__What this task involves__:
Working from the records below, repeat exactly the lines starting at the line that contains "Kit C/4 Acabamentos Registro Mono Comando Base Docol Cromado Kit" and ending at the line that contains "EC-22 Natural Calico", inclusive.

__Task input__:
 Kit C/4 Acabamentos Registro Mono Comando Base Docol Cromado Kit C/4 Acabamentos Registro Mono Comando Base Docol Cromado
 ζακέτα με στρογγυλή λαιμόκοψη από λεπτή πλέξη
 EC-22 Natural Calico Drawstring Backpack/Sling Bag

--

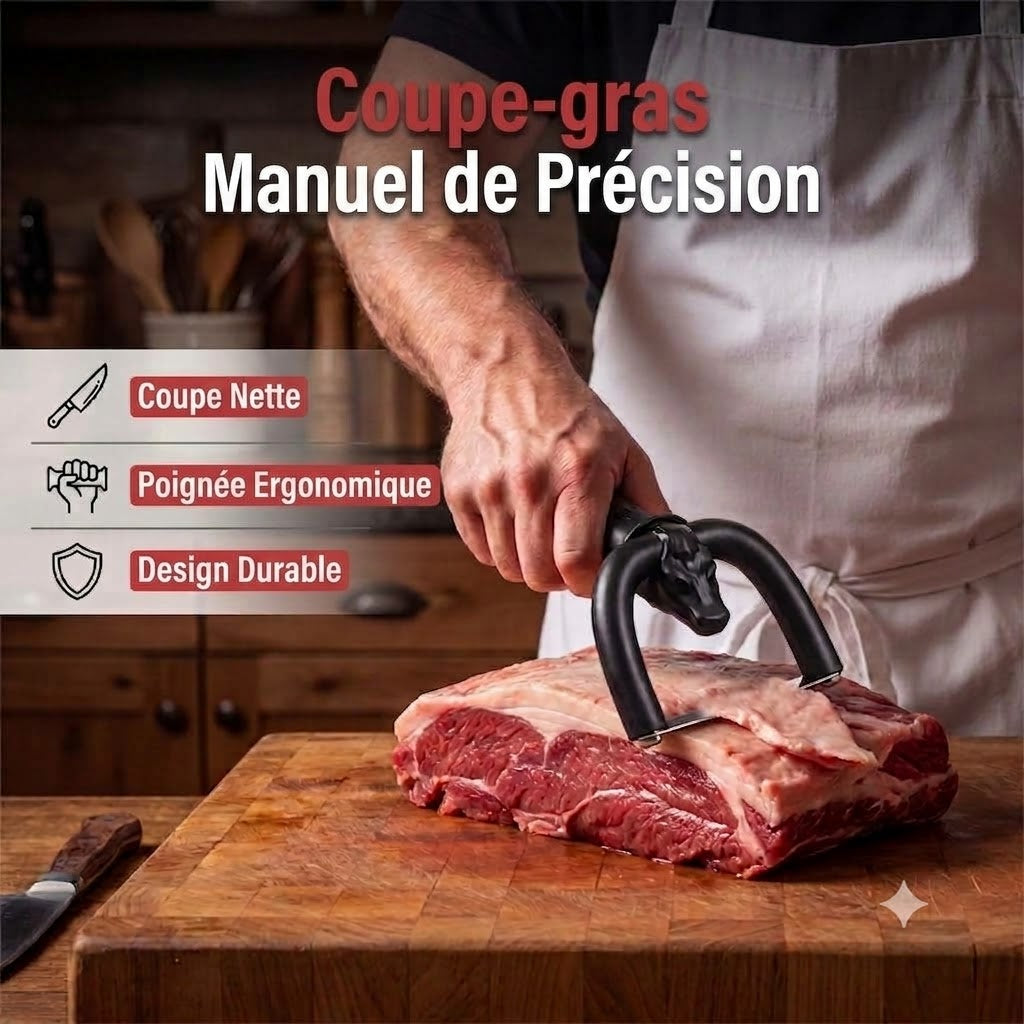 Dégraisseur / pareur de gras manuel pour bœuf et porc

__Expected answer__:
 Kit C/4 Acabamentos Registro Mono Comando Base Docol Cromado Kit C/4 Acabamentos Registro Mono Comando Base Docol Cromado
 ζακέτα με στρογγυλή λαιμόκοψη από λεπτή πλέξη
 EC-22 Natural Calico Drawstring Backpack/Sling Bag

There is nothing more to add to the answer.